Who funds the future?

How private credit, tokenisation and sector convergence are reshaping the funding landscape


Yuval Noah Harari observes in his landmark book Sapiens1 that money is “the most universal and efficient system of mutual trust ever devised.” In ancient times, that trust underpinned coins and ledgers. Today, trust is being reinvented by private credit, tokenisation and sector convergence.

This reinvention brings challenges, from regulatory complexity to operational risk and multi‑jurisdictional hurdles. But it also opens new possibilities: unlocking capital, widening investor access and enabling entirely new ways of structuring, funding and trading assets. The decisions we make and the innovations we embrace today will shape the future of finance for years to come.

The asset class of the future

Private credit has emerged as one of the defining pillars of alternative finance and the asset class of the new economy. Once a niche form of direct lending, it is now a major source of capital for companies of all sizes, particularly those underserved by traditional banks. The scale of this shift is striking: the global private credit market has now surpassed $3.5 trillion in assets under management2, with deployment volumes growing sharply year-on-year across corporate, asset-backed, real estate and infrastructure lending.

As the private credit market matures, asset managers are building specialised teams and dedicated funds that go beyond straightforward direct lending and structuring more complex, bespoke solutions. Credit investors can take equity positions through restructurings or “loan to own” strategies.

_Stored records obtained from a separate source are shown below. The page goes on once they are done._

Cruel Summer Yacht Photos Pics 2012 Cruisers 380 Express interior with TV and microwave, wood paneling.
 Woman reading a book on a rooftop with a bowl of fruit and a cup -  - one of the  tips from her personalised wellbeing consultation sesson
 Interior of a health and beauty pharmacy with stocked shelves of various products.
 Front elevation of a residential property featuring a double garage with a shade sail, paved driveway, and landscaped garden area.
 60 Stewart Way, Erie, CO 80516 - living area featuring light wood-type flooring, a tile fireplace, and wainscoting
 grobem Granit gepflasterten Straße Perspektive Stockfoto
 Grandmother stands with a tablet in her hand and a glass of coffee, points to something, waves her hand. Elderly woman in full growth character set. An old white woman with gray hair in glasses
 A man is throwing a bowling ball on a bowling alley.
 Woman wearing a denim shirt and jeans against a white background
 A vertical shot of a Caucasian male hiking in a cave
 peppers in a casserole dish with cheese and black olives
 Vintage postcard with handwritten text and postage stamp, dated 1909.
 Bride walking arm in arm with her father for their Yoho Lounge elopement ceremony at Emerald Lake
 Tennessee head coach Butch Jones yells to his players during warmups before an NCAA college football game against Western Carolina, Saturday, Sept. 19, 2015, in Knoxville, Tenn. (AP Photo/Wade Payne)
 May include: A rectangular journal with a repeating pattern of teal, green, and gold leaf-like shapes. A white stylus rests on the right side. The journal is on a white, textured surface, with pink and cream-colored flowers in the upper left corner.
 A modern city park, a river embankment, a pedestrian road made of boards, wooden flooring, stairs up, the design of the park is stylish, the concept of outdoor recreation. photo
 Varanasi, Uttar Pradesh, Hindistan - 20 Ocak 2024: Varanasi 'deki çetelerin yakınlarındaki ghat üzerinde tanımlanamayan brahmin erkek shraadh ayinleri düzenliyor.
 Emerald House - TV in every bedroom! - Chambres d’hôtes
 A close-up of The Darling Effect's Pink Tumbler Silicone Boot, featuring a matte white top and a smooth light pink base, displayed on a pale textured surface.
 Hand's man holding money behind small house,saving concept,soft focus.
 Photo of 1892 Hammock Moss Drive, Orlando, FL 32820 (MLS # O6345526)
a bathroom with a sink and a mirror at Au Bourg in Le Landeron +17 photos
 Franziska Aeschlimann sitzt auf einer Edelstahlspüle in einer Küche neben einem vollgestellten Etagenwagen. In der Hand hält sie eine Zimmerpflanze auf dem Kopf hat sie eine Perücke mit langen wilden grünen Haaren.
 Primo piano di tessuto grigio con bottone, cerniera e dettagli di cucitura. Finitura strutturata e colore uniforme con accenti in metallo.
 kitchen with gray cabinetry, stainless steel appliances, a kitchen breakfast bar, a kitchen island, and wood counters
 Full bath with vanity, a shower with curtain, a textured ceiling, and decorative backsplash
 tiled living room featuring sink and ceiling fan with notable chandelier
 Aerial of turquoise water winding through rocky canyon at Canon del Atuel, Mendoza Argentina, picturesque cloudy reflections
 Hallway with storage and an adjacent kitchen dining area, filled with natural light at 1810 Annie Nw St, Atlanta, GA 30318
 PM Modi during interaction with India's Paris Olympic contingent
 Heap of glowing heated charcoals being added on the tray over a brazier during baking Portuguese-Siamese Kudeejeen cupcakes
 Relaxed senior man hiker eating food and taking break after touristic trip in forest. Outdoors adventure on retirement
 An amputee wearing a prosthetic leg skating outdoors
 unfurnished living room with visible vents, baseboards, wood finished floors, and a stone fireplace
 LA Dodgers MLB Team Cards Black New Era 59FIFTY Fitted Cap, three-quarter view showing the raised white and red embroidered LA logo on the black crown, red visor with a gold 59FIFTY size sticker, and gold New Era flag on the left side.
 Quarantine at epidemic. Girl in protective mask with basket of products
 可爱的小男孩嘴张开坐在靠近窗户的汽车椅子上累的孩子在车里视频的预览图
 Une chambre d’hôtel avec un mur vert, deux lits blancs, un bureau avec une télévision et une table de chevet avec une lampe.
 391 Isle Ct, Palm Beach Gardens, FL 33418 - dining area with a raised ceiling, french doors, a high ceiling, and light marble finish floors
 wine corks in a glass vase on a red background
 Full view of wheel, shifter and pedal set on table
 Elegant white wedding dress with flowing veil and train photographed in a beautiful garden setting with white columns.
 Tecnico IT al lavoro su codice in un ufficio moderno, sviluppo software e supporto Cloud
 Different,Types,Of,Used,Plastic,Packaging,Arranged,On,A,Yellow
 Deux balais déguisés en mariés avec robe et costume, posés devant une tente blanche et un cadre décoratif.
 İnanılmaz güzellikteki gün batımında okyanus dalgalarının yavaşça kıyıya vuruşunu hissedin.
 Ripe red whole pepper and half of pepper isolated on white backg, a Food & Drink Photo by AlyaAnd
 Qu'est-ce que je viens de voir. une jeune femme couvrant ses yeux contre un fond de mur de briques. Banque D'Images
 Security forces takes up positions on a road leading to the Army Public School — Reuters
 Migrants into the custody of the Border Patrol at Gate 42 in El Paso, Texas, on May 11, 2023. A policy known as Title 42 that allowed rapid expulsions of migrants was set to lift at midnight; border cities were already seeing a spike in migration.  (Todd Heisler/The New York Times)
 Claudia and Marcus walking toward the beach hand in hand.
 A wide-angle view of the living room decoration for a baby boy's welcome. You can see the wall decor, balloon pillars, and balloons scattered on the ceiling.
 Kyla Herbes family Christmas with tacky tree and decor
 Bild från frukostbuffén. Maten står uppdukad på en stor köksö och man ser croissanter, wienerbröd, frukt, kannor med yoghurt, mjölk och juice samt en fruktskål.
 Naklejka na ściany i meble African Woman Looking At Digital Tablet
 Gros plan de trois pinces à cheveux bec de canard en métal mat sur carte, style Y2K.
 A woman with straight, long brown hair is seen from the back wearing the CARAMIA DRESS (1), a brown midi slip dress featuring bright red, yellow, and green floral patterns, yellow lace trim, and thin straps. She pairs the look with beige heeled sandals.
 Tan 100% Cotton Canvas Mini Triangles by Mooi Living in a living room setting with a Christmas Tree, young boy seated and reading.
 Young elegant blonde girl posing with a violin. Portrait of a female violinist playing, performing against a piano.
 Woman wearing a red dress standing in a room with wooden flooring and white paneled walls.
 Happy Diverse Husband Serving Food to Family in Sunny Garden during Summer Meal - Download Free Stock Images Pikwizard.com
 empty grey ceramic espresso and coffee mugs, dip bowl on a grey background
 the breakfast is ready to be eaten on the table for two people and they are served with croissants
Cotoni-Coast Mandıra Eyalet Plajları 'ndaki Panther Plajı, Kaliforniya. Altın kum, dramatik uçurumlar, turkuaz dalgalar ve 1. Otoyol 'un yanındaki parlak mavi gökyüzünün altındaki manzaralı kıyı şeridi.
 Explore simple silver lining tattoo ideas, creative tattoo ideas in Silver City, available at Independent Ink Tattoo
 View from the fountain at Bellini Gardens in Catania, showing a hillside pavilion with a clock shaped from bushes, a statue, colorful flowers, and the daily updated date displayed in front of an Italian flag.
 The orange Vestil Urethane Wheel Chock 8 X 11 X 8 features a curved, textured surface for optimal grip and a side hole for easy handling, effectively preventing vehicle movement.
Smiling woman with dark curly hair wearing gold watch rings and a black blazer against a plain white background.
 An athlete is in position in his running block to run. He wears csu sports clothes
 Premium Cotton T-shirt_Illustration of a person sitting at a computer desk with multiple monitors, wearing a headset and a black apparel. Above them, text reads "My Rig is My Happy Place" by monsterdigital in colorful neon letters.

What makes private credit so compelling is its ability to deliver customised solutions at speed, something conventional banks often struggle to do. Regulatory constraints and internal policies can slow banks down, whereas private credit providers can act quickly, tailoring terms to specific needs.

“Investment banks have long played an important role in originating and structuring these deals,” explains Ester Chow. “What’s changed is the breadth of options now available. Alongside banks, some investors and debt managers are choosing to originate and hold assets directly, giving borrowers greater flexibility in how transactions are executed.”

Partnerships between banks and private credit funds are increasingly common, expanding funding sources while introducing new strategic and risk considerations. “We’re seeing a clear continuous evolution in sources of funding” observes Amer Siddiqui. “And as a result, funders are working together in more flexible ways. Sometimes it’s purely private credit, sometimes it’s a mix of bank and private credit.”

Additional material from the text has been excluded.